The markets for value shampoo and conditioner are already highly concentrated, and the acquisition would increase concentration significantly, resulting in Unilever controlling approximately 90 percent of both markets. Using a standard concentration measure called the Herfindahl-Herschman Index (“HHI”), the proposed acquisition would produce an HHI increase of approximately 3913 and a post-acquisition HHI of approximately 8602 for value shampoo, and an HHI increase of approximately 3902 and a post-acquisition HHI of approximately 8066 for value conditioner.
The acquisition would enable the combined firm to profit by unilaterally raising the prices of its products above the pre-merger price level. The parties’ documents and diversion of sales caused by past price changes indicate that a significant fraction of customers purchasing Unilever’s and Alberto Culver’s value shampoos and conditioners view the other merging firm’s value shampoo and conditioner as their next best choice. Consequently, a significant fraction of the sales lost due to price increases on Unilever’s products would be diverted to products of Alberto Culver, and vice versa. See U.S. Dept. of Justice & FTC, Horizontal Merger Guidelines § 6.1 (2010). The pre-merger margins on the parties’ value shampoo and conditioner products are sufficiently high that the amount of recaptured lost sales would make the price increases profitable even though such price increases would not have been profitable prior to the merger. See id. Consequently, the proposed acquisition would likely cause the combined firm to raise the prices that it charges for value shampoo and conditioner.
The complaint alleges that the proposed acquisition would substantially lessen competition in the sale of hairspray sold in retail stores in the United States, resulting in higher prices for consumers in this market. Currently, Unilever and Alberto Culver compete in this market on price and through couponing, product innovation, and various forms of promotions. The combination would eliminate that significant head-to-head competition. Unilever’s current share (by unit volume) of this market is approximately 24 percent, and Alberto Culver’s is approximately 22 percent. The three next largest competitors have shares of approximately 20 percent, nine percent, and eight percent.
If the proposed acquisition is consummated, the market for hairspray sold in retail stores would become substantially more concentrated, resulting in a highly concentrated market. Using the HHI concentration measure, the proposed acquisition would produce an HHI increase of approximately 1034 and a post-acquisition HHI of approximately 2654 for hairspray sold in retail stores.
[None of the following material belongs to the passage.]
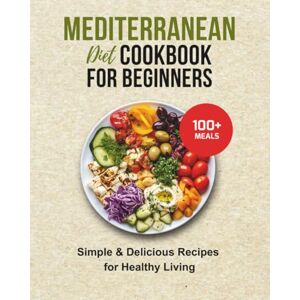 Nerida, Zoe MEDITERRANEAN DIET COOKBOOK FOR BEGINNERS: 100+ SIMPLE & DELICIOUS RECIPES FOR HEALTHY LIVING: Wholesome Meals and Clean Eating Inspired by Coastal Traditions Nerida, Zoe MEDITERRANEAN DIET COOKBOOK FOR BEGINNERS: 100+ SIMPLE & DELICIOUS RECIPES FOR HEALTHY LIVING: Wholesome Meals and Clean Eating Inspired by Coastal Traditions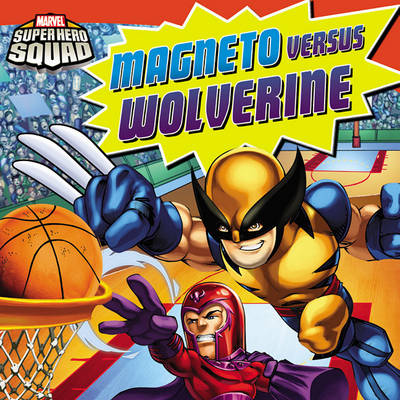 Cover of Magneto Versus Wolverine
The acquisition would enable the combined firm to profit by unilaterally raising hairspray prices above the pre-merger price level. The parties’ documents and diversion of sales caused by past price changes indicate that a significant fraction of customers purchasing Unilever’s and Alberto Culver’s brands of hairspray view the other merging firm’s brands of hairspray as their next best choice. Consequently, a significant fraction of the sales lost due to price increases on Unilever’s products would be diverted to products of Alberto Culver, and vice versa. See U.S. Dept. of Justice & FTC, Horizontal Merger Guidelines § 6.1 (2010).
The significant fraction of customers that view Unilever’s and Alberto Culver’s hairspray brands as their next-best choice does not approach a majority. “However, unless pre-merger margins between price and incremental cost are low, that significant fraction need not approach a majority . . . A merger may produce significant unilateral effects for a given product even though many more sales are diverted to products sold by non-merging firms than to products previously sold by the merger partner.” Id. The pre-merger margins on the parties’ hairspray products are sufficiently high that the amount of recaptured lost sales would make the price increase profitable even though such price increases would not have been profitable prior to the merger.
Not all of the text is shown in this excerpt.